Tuesday, July 1, 2014

Live Blog: Low Back Pain

Our didactic was done by Dr. Kristin Remus, a clinician educator at BIDMC and one of CCC's faculty preceptors.

Low back pain (LBP) is the second most common cause of disability in US adults. Many people miss work because of LBP. This disease has a 10% population prevalence with LBP for more than 2 weeks prevalent in 14%. Factors associated with LBP are work (exposure to high vibrations such as truckers and jackhammer constructioners), obesity, physical inactivity, arthritis/osteoporosis, age greater than 30, bad posture, and stress or depression.

In acute and chronic LBP, some mechanical causes are dislocation, compression, muscle strain and sprain, herniated disk. Non-mechanical causes are aortic aneurysm, infection, epidural abscess, ectopic pregnancy, diseases of the bone, metastases, and fibromyalgia.
Can we prevent it? In the physical exam check the spinous processes, check the greater trochanter on the hip. The ischial tuberosity and paraspinal muscles are usually tender. Do some maneuvers to see how well someone can bend or move, muscle strength testing in toes and ankle. Also do a neuro exam for numb dermatomes which all end in the feet, check patellas, do the straight leg raise for pain, and test gait such as toe walking and heel walking.

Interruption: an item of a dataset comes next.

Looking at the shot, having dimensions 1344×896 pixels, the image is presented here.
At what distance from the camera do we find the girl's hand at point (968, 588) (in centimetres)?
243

Lasegue's Sign: a straight leg raise physical exam finding. When you stretch the sciatic nerve you can decide if the patient has some sort of LBP. Symptom severity does not correlate well with outcome, so the pain can go away at any time.

Waddell's signs: inappropropriate tenderness superficial or widespread, LBP on axial loading of the head, inconsistent straight leg raise test seated or standing, sensory deficit without nerve root innervation, 3/5 psychological distress.

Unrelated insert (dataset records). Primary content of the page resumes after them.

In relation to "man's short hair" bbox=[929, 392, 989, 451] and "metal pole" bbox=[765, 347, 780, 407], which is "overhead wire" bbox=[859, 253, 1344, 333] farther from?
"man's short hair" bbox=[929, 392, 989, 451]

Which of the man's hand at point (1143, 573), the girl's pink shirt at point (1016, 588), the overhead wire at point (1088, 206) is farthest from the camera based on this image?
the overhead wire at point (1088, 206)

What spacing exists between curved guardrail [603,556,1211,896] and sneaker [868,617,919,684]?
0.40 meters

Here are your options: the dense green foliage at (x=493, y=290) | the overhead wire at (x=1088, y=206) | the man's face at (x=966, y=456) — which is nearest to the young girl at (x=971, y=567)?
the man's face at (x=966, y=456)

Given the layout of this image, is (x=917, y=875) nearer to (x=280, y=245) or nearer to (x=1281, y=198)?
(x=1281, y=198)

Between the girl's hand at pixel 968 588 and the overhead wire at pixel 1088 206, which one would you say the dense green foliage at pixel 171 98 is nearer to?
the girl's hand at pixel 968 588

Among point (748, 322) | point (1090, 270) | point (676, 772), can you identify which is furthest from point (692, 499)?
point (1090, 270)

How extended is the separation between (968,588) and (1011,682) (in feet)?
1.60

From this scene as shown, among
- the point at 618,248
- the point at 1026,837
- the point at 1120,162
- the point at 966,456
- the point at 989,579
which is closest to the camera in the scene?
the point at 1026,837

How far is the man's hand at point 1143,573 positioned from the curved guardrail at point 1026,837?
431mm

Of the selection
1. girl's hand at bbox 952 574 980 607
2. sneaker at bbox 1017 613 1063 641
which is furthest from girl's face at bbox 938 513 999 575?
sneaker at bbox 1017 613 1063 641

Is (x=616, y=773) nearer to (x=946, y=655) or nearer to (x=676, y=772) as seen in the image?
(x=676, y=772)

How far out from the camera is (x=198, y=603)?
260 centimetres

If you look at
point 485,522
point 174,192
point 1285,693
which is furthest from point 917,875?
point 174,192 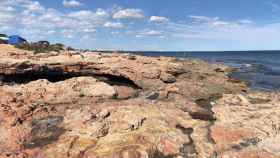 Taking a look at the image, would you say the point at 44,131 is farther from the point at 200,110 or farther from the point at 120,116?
the point at 200,110

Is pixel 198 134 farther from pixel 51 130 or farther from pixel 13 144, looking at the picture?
pixel 13 144

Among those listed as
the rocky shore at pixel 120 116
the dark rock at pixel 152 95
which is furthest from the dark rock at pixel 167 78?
the dark rock at pixel 152 95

Discerning what the red flags are will let you know who to look at under an x-ray.
Red flags:
  • Urinary retention, stool incontinence
  • Neurologic symptoms such as tingling or loss of sensation. 
  • People older than 70 often get imaged
  • Unexplained weight loss, 
  • Prolonged use of corticosteroids, 
  • IV drug use, 
  • Saddle anesthesia
Patient History:
  • Does the patient have a systemic disease? 
  • Do they have neurologic compromise or the need for surgery? 
  • Do they have social or psychological distress?
Take home points: 
  • In the physical exam, be systematic with palpation and inspection.
  • Do a dorsi flex and plantar flex for any pain to confirm the straight leg raise test.